The council had previously said its intention is to ban camps, and not to ban homelessness.
What changes under the new policy?
The Activities Local Law 2009 already bans camping in the city: “Unless in accordance with a permit, a person must not camp in or on any public place”.
But under the amendments, a description of what constitutes camping will be deleted: “… in a vehicle, tent, caravan or any type of temporary or provisional form of accommodation”.
Homeless advocates and legal experts say the wording was so broad as to effectively ban rough sleeping in the city.
The changes will also give council officers the power to confiscate unattended items, forcing homeless people to pay a fee to get them back.
In the face of mounting criticism, a further clause was inserted last night for outreach workers to accompany those enforcing the by-law.
Lord Mayor denies homeless will be forced from the city
Lord Mayor Robert Doyle, who voted in support of the changes, said council staff would not be sent out early in the morning to harass people sleeping rough.
“There is no intention to push people out of the CBD, no intention to do that,” he said.
The Lord Mayor stressed the vote was not final and the changes would be open for public comment for 28 days, before a final decision on implementing them.
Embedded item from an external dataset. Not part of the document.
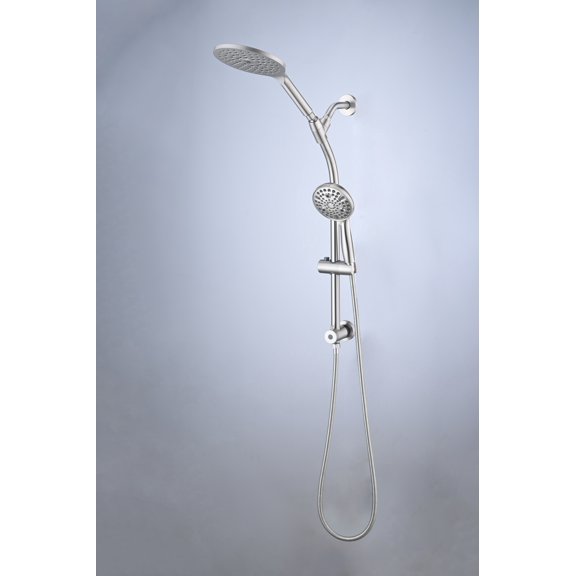LIANGKA 10 Mode Dual Shower System 7.5 Inch Rainfall Shower Head With Adjustable Slide Bar Handheld Shower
“If we are wrong, I will concede we are wrong,” he said.
“At this point, I will support this motion.”
The meeting heard the council recently doubled its budget for fighting homelessness to $3.5 million.
Deputy Lord Mayor Arron Wood said the number of rough sleepers had increased dramatically and the council needed to act in the interests of ratepayers.
“This is not about arresting homeless people,” he said.
“This is about trying to get them onto pathways, whether that’s housing, whether that’s mental health assistance, whether that’s substance abuse assistance — there are really, really, complex problems.”
‘It’s like legislating you can’t be poor’
Kate Colvin, acting CEO of the Council of Homeless Persons, said the changes would push vulnerable people into the criminal justice system.
“It will increase people’s interaction with the justice system,” she said.
“They will end up with fines which they cannot pay, they’ll end up with arrests for reacting to council officers.
“Increasing imprisonment will be a consequence of that.”
President of the Law Institute of Victoria, Belinda Wilson, said the changes would effectively make sleeping rough in the city illegal.
“It’s being very harsh on vulnerable members of our community that need longer-term solutions,” she said.
“You need to look at underlying causes of homelessness: things like mental health, domestic violence, drugs and alcohol.”
She said the wording of the by-law was too vague and urged councillors not to go ahead with the changes.
“Practically I’m not sure how this would work,” she said.
Launch Housing, which has been helping to find accommodation for the rough sleepers outside Flinders Street Station, labelled the changes “dumb policy”.
The organisation’s chief executive, Tony Keenan, said banning rough sleeping would not solve Melbourne’s homelessness problem.
“It makes as much sense as legislating to say you can’t be poor,” he said.
“We would be shifting people from the City of Melbourne to a neighbouring city which would be the City of Port Phillip or the City of Yarra.”
He said forcing the homeless away from busy, well-lit city streets would put their safety at risk.
“More risk of assaults, more risk of injuries, more risk of people dying on the streets,” he said.